Earlier this year, the Navy cut two amphibious ships from its 2020-2024 shipbuilding and budget plan, indicating that Berger’s critique might not have come as a complete shock. Earlier this year — before he was commandant — Berger outlined some of his ideas at an amphibious shipbuilding industry forum, saying “we’re going to need long-range fires that can operate from a ship or from the shore to take out sea-based or shore-based platforms” in order to give amphibs some room to maneuver. But his new document goes much further.
In a Twitter thread praising Berger’s guidance, Chris Brose, former staff director of the Senate Armed Services Committee, called it “one of the best defense documents I have read in a long time. The blood of sacred cows is all over this thing.”
On Thursday, Naval analyst Bryan McGrath called the document “the single most consequential piece of writing about American seapower since the combined effort of the 1980 maritime strategy. It is that big, and that important.” Appearing on a War on the Rocks podcast, he added that part of its impact is that the paper, by dint of being signed by the Commandant of the Marine Corps, is now gospel. “There are 180,000 Marines who will cite this thing chapter and verse as long as he is Commandant…and it makes a wonderful case for the new CNO and secretary of the Navy to get on board.”
Berger’s arguments look like they’ll find favor with the presumptive Deputy Defense Secretary, David Norquist, who said during his nomination hearing this week that the US needs to find ways to get inside the “blunt layer” of Chinese anti-access weapons in the Pacific, and he’ll be looking at “investments that allow you to survive in that environment. Things that let you detect and defend, and hide yourself.”
In the end, what Berger and Norquist are talking about aren’t just more things — although the unmanned sea and air platforms the Navy is experimenting with will certainly fit the bill by providing a sensing picket line hundreds of miles in front of Navy ships and Marines near contested areas.

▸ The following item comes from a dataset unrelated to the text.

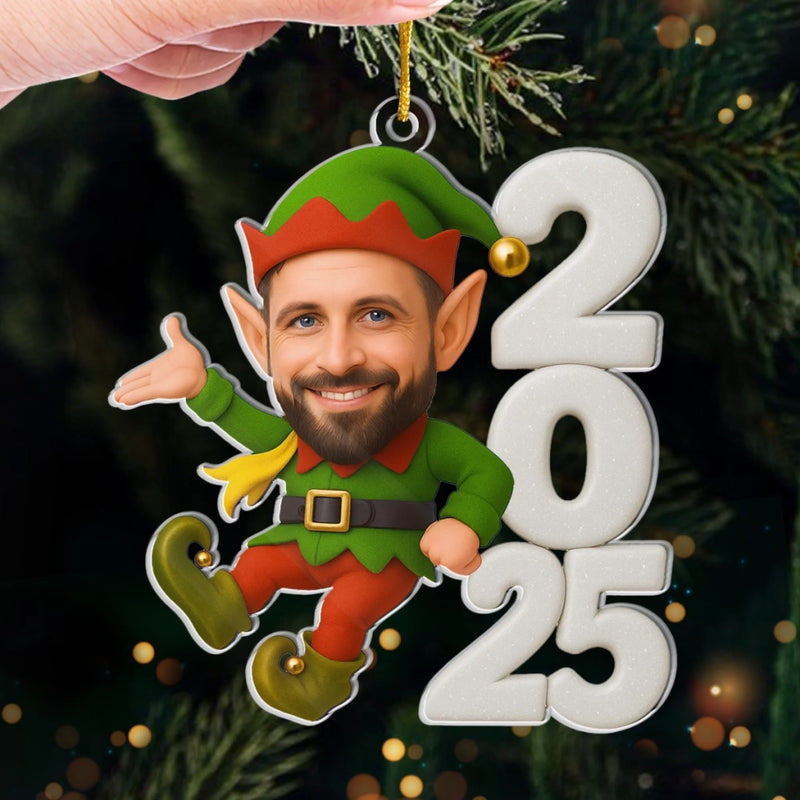 Custom Photo Acrylic Ornament - Personalized  Christmas Birthday Gifts For Mom, Dad, Kids - Catch Me Jingling All The Way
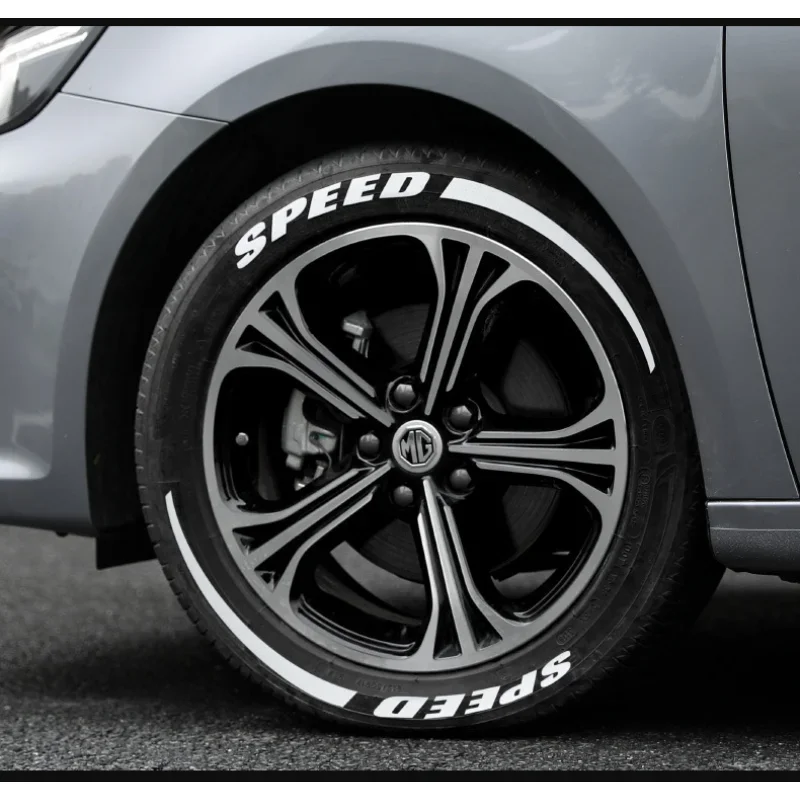 One Piece Sticker Car and Sticker Diy Alphanumeric Sticker Motorcycle Tire Waterproof External Letter Sticker Wheel Sticker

But what the document represents is a hard-charging new way of thinking about an emerging set of problems caused by an explosion of military capabilities outside of the United States.
Berger writes that there is “no piece of equipment or major defense acquisition program that defines us. … Likewise, we are not defined by any particular organizing construct — the Marine Air-Ground Task Force cannot be our only solution for all crises.”
In other words, it’s time to think and change.